* PROBLEM TO WORK ON: Retype nothing except the lines below from the one with "For this example, we" through the one with "This not only", exactly, with images left out.

(Data entries)
********

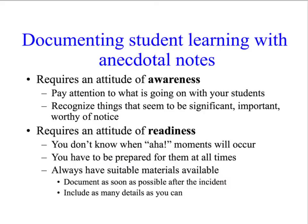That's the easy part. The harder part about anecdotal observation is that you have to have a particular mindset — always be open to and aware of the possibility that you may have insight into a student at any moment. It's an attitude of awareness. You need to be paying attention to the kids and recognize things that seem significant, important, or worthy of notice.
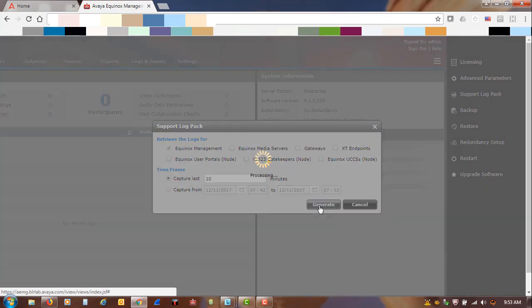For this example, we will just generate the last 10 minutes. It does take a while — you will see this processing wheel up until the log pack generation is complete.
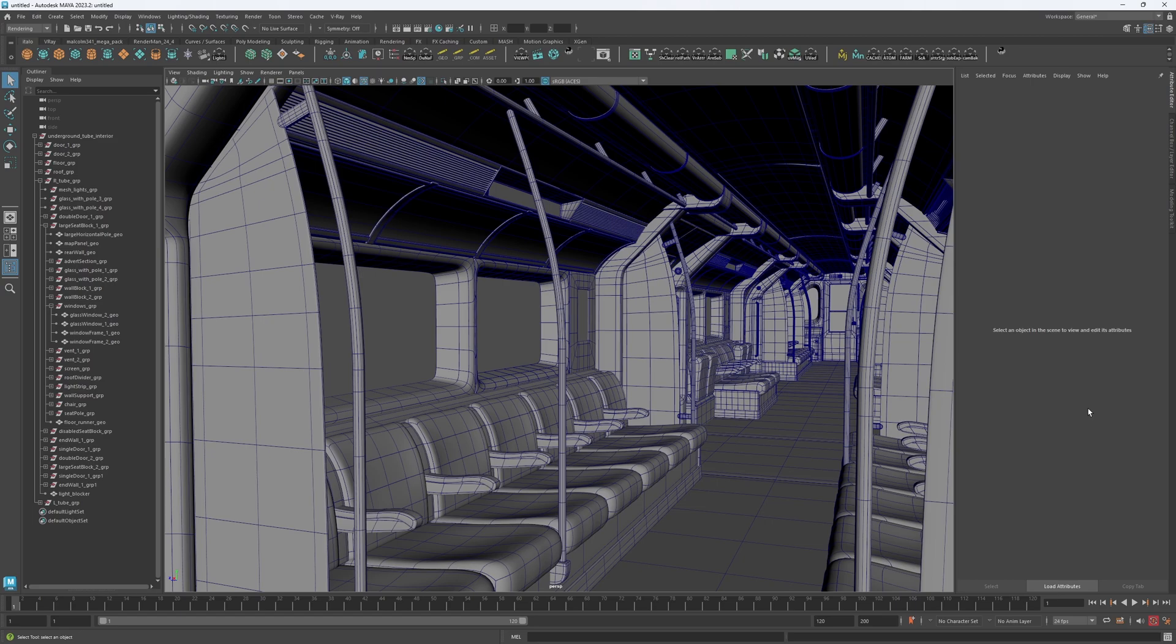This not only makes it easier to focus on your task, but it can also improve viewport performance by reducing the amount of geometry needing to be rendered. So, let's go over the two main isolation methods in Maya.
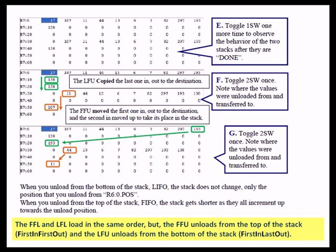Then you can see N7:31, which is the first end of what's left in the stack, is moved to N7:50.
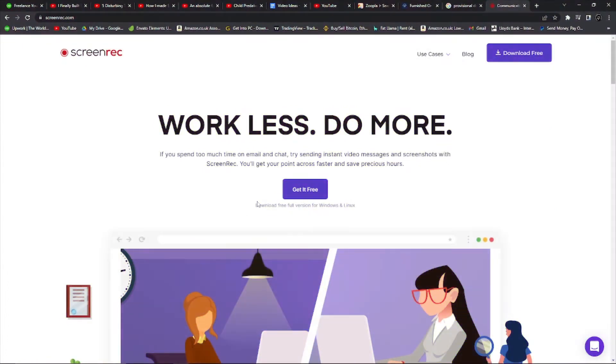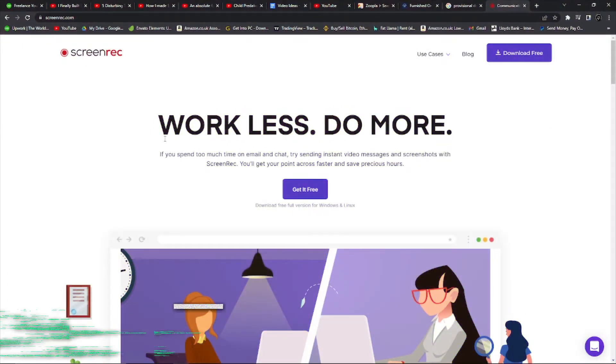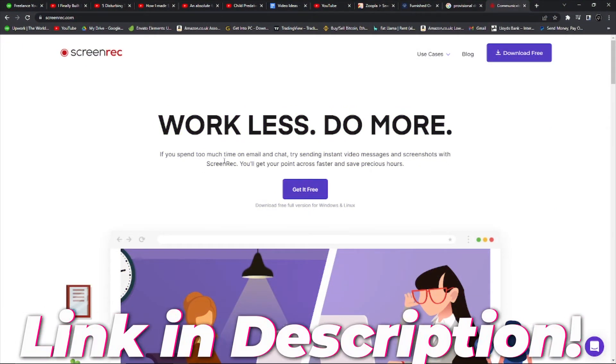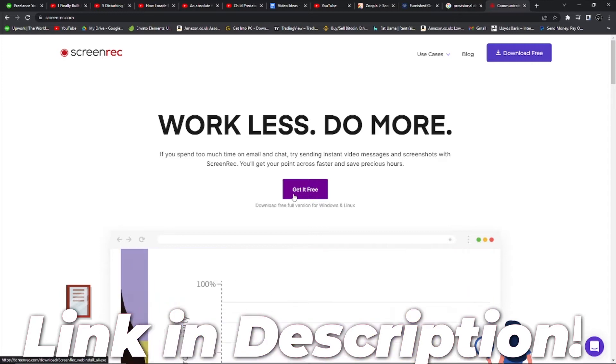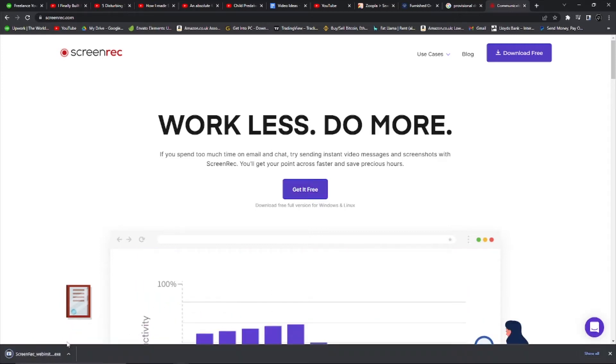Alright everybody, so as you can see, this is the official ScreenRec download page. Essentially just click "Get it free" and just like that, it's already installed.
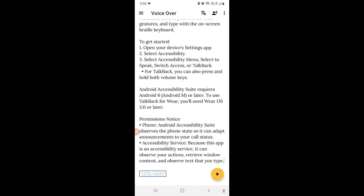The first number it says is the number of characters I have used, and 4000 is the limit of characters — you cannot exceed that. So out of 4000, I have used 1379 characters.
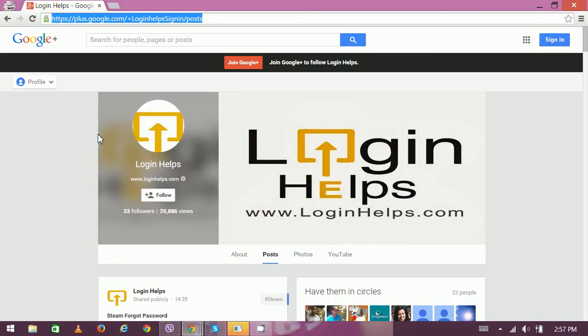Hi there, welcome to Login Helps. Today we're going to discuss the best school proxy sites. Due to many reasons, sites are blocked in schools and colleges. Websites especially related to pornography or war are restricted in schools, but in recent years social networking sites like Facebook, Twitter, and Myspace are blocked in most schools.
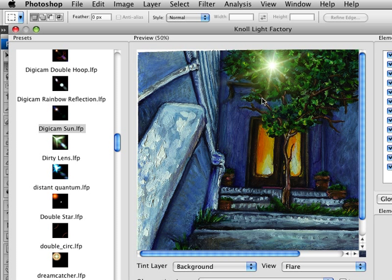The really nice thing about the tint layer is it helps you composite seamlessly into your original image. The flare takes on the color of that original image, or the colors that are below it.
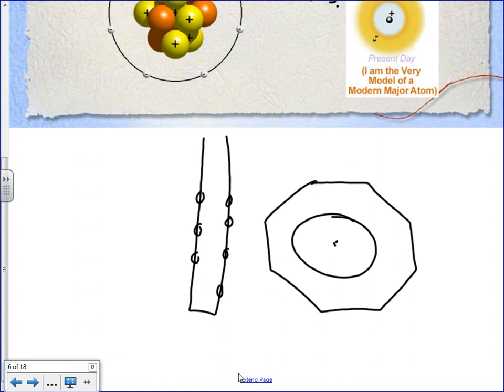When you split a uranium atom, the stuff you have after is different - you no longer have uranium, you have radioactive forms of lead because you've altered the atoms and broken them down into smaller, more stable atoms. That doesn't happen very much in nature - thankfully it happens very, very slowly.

********

* TASK ANSWER:
For this example, we will just generate the last 10 minutes. It does take a while — you will see this processing wheel up until the log pack generation is complete.
This not only makes it easier to focus on your task, but it can also improve viewport performance by reducing the amount of geometry needing to be rendered. So, let's go over the two main isolation methods in Maya.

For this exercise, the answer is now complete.